> _What is being asked_: Retype exactly what runs from the first line of the data to the line with "Used 2022 Mercedes-Benz", keeping both of those lines and skipping pictures.

> _Dataset excerpt_:
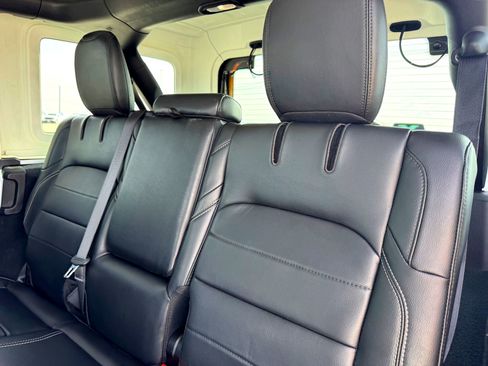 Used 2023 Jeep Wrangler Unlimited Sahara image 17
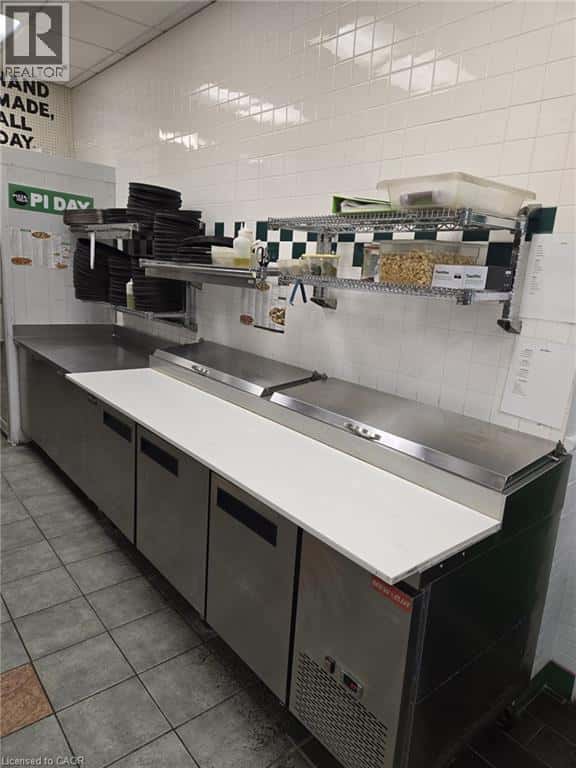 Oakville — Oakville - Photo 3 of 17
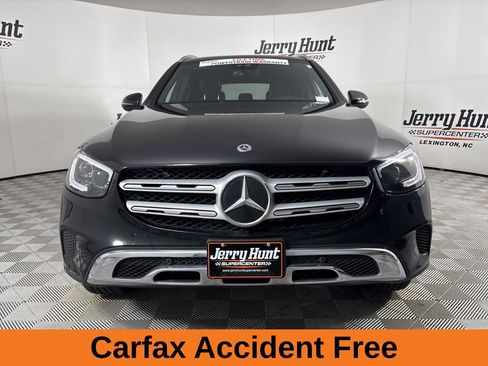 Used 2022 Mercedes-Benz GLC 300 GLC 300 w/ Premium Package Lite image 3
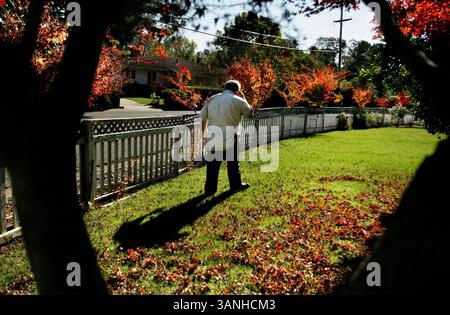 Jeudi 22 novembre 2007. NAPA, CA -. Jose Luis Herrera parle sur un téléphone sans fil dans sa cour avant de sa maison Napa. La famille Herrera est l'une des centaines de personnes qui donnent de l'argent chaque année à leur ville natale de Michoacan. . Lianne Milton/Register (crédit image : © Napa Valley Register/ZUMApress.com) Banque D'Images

> _Answer space_:
 Used 2023 Jeep Wrangler Unlimited Sahara image 17
 Oakville — Oakville - Photo 3 of 17
 Used 2022 Mercedes-Benz GLC 300 GLC 300 w/ Premium Package Lite image 3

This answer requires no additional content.